At #solo13 I'm running a workshop on email: The Dark Art of Dark Social: Email, the antisocial medium which will not die. Yesterday I gave a short presentation about using email with students, but I've been thinking about email for the past year as part of my current interest in Dark Social. As a result, I was interested in a new post on AllThingsD, The Big Email Opportunity.
I don't particularly want to be in the position of being the public apologist for email, but I don't agree with Nick Morris that email is evil - although you could make a case that some of the people who use it are. More charitably, I think most of them are misguided rather than evil, and if high powered academics don't know the difference between Reply and Reply To All, who am I to correct them? What I particularly like about Robert Abbott's post is that it shifts the focus away from users onto the software. He is absolutely right to point out that email systems have not moved on since the 1990's, with the worst offended of all being Microsoft Outlook. (Man, it feels so retro bashing Microsoft).

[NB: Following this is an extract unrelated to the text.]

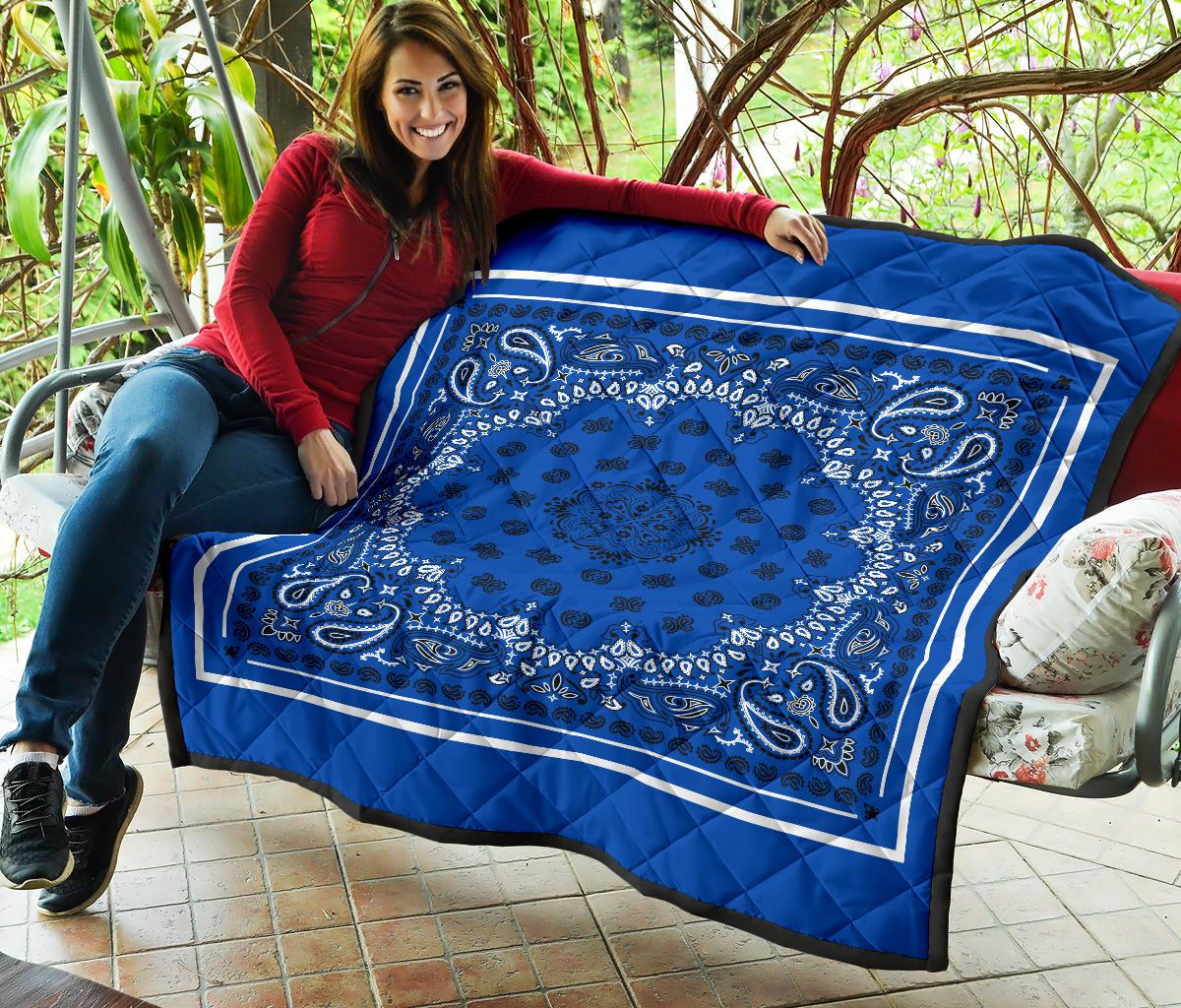 Quilt 2 Black Bandana on Blue White Sq.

A little dab of A.I. and almost all of what people feel to be the "problems" of email go away. Short of that, decent software that reminds the user to include a subject line (helpfully suggesting a suitable offering from the context of the thread) and automatically attaches the correct attachment for them would be an improvement. (Yeah, remember the 90s? That's how it was kids.) Email has to change, and the sooner the better. Long Live Email! It ain't going away, so let's get it right.